Managing Custom Rules Programmatically

You can manage your Custom API using our Custom Rule Management API.

Retrieving Existing Rules

To retrieve your existing rules, perform a HTTP GET request on the following endpoint:

https://api.diffbot.com/v3/custom

Provide the following arguments:

ArgumentDescription
token
Developer token

This returns a JSON-formatted ruleset which corresponds to the UI elements of the Custom API Toolkit.

FieldDescription
urlPatternRegular expression used to match URLs to the appropriate rule.
apiDiffbot API against which the ruleset should be appled. The api value should include the /api/ string, e.g. /api/article.
rulesAn array of rules applying to individual fields of the Diffbot API. The rules array can be empty (rules=[]), but the field must be included in API requests.
nameField to correct (e.g., title) or add (e.g., customCategory).
selectorCSS selector to find the appropriate content on the page.
valueOptional: a specific value to hard-code, in lieu of a selector.
filtersOptional: additional options to replace content, ignore selectors, or extract HTML attribute values. See below.
Optional arguments:
testUrlA sample URL used to preview your rule within the Custom API Toolkit.
prefiltersAn array of selectors that should be completely dropped from the DOM. These selectors will be fully ignored by all Diffbot processing.
renderOptionsQuerystring arguments to be passed to the Diffbot rendering engine, e.g. wait=5000.
xForwardHeadersAn object containing any custom headers to be passed along in all requests to URLs matching the urlPattern. Header values can either be a single string, or an array of strings (from which one will be selected at request-time). Custom headers can include:
User-AgentUser agent to use in place of Diffbot default.
RefererCustom referer to use in place of Diffbot default.
CookieCustom cookie content to be sent with all requests.
Accept-LanguageCustom accept-language header to be sent.
X-EvaluateCustom Javascript to be executed at render-time. See Custom Javascript below.

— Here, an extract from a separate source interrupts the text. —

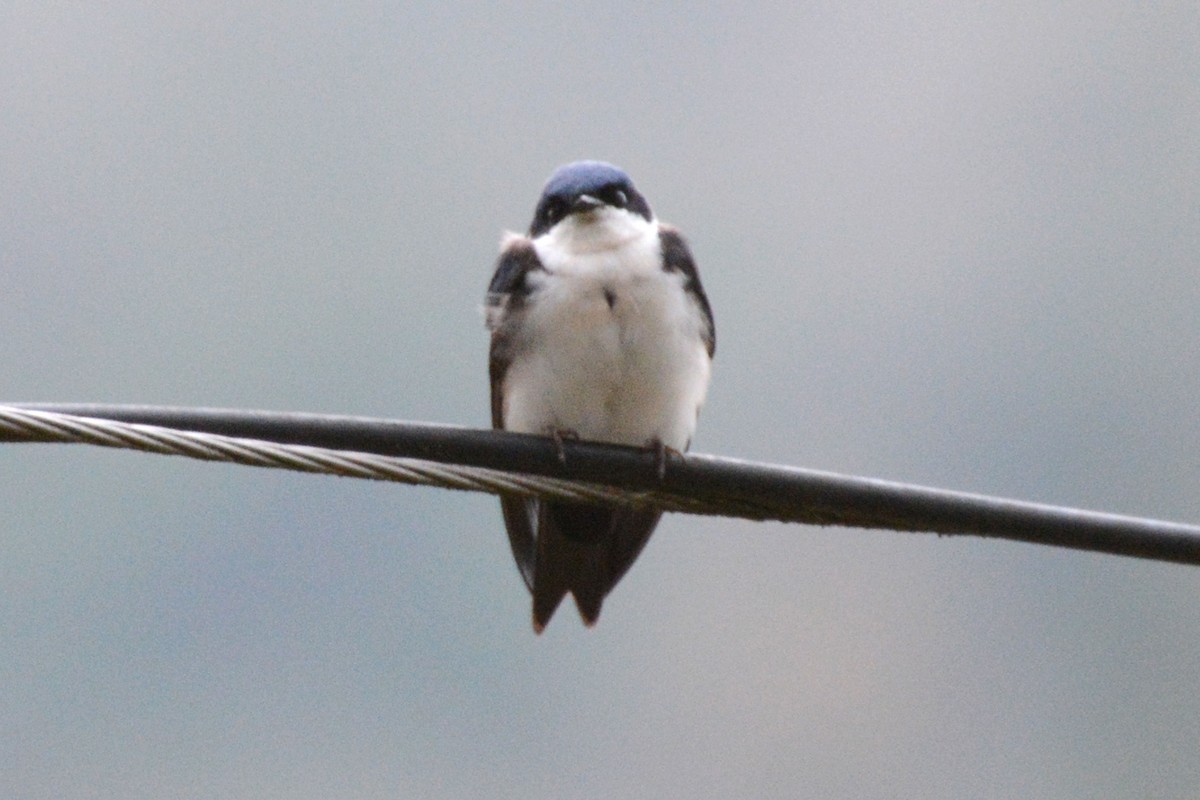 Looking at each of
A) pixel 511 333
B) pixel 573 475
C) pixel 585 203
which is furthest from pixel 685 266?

Rules for nested arrays (e.g., images or videos in the Article API, or products in the Product API) should be nested within the rules object.

Rule Filters (Optional)

A rule's filters element can contain multiple entries, which correspond to the filters within the API Toolkit. Each filter should contain:

FieldDescription
typeType of filter, either replace, exclude (ignore), or attribute.
argsArgument(s) to be used for the filter. If you are replacing content, your args should be a comma-separated list of the regular expression to search for and the expression to replace with. If you are excluding content, your args should enumerate the CSS selector(s) to ignore. If you are attempting to retrieve an HTML attribute, specify the attribute (e.g. src) in your args value.

Custom Javascript

Using the X-Evaluate custom header, you can inject your own Javascript code into web pages. Custom Javascript will be executed once the DOM has loaded.

Your custom Javascript should be provided as a text string and contained in its own function. You must also include the special functions start() and end() to indicate the beginning and end of your custom script. Once end() fires, the updated document will be processed by your chosen extraction API.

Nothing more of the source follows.